Dopo la sosta ci sarà lo scontro diretto con i nerazzurri all’Allianz Stadium
TORINO. Doveva reagire all'eliminazione dalla Champions, la Juventus non fa scherzi: Dybala e Vlahovic stendono la Salernitana, i bianconeri ripartono in campionato con un 2-0 e rosicchiano punti verso il terzo posto. Se da una parte ci sono Milan e Napoli che continuano a vincere, infatti, dall'altra c'è l'Inter che deve recuperare la sfida contro il Bologna ma si è fermata ancora, così Allegri potrà giocare il derby d'Italia, alla ripresa dopo la sosta con un solo punto di distanza dai nerazzurri. Chiellini e Dybala subito in campo, è questa la decisione dell'allenatore: il capitano fa coppia con De Ligt, la Joya gioca con Vlahovic e manda in panchina Morata. Per sostituire Locatelli, indisponibile causa Covid, il tecnico sceglie Danilo, posizionato a centrocampo insieme ad Arthur.
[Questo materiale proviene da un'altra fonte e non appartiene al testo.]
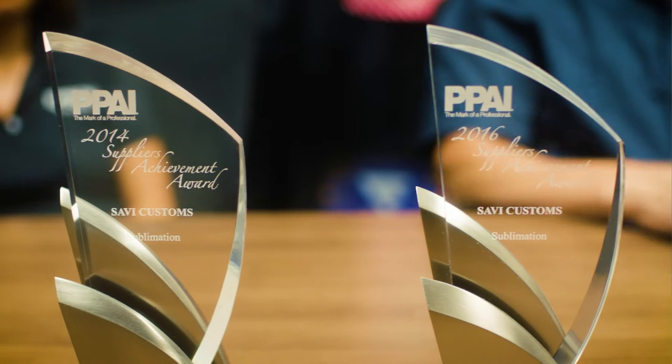My name is Jeremy DeBoer. I'm the general manager of Savvy Customs SubMFG. We started in the race industry 20 years ago. We do mainly sublimation — 95% sublimation. We just implemented our DTG process so that we can fulfill both ends of things.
I bianconeri devono riscattarsi dopo la serataccia europea, l'approccio è dei migliori e dopo cinque minuti la sfida è già sbloccata. L'azione del vantaggio si sviluppa sulla destra, dove la triangolazione Cuadrado-Vlahovic-Dybala porta l'argentino a saltare facilmente Gyomber e ad infilare Sepe con il mancino. La Salernitana va subito in crisi e rischia il tracollo. I bianconeri giocano in scioltezza, Sepe è costretto a superarsi sulle conclusioni ravvicinate prima di Dybala e poi di Vlahovic per evitare il raddoppio. Il 2-0, però, arriva alla mezz'ora: la Juve sfonda ancora sulla destra, il cross di De Sciglio è perfetto per il serbo che svetta sopra a Mazzocchi e batte il portiere avversario.
I campani provano a reagirae nella ripresa ma il rsulttao non cambia.
La Juve porta a casa altri tre punti: dopo la pausa ci sarà il big-match contro l'Inter (assente Pellegrini per squalifica), i bianconeri puntano a vincere per sorpassare i nerazzurri al terzo posto. Per Nicola, invece, la zona salvezza resta distante nove punti.
«Paulo Dybala non è l'unico giocatore della Juve a scadenza di contratto. Sulla sua situazione sono assolutamente in linea con la società, con la quale parlo sempre», ha detto Massimiliano Allegri nel dopo partita. «Cosa vorrei io? Posso fare delle valutazioni tecniche», ha aggiunto il tecnico bianconero, «ma poi ci sono questioni contrattuali, la volontà del giocatore, tante cose. Ora dobbiamo essere concentrati tutti sulla parte finale della stagione».
Ancora una prestazione positiva di Vlahovic: «Ha fatto una buona partita, è un punto di riferimento davanti, tiene palla, copre, sono contento che sia tornato al gol. Deve migliorare sulla pulizia di gioco e ci stiamo lavorando«. Danilo a centrocampo, invece, «per me è stata una piacevole sorpresa perché oltre a essere un grande giocatore, è un grande professionista e sa giocare a calcio. Poi ascolta e nei confronti aiuta anche l’allenatore. È bravo nelle letture di campo, ha piedi buoni e gioca bene sia sul corto sia sul lungo. Si mette sempre a disposizione». Allegri è poi tornato a parlare di quello che fu l’inizio della stagione con la gestione della partenza di Ronaldo: «Più che gestire, c’era da lavorare. Cristiano è andato via a tre giorni dalla fine del mercato, ero arrivato da un mese e mezzo, tanti giocatori non li conoscevo. Avevo iniziato a lavorare in un certo molto, poi pian piano ho cambiato».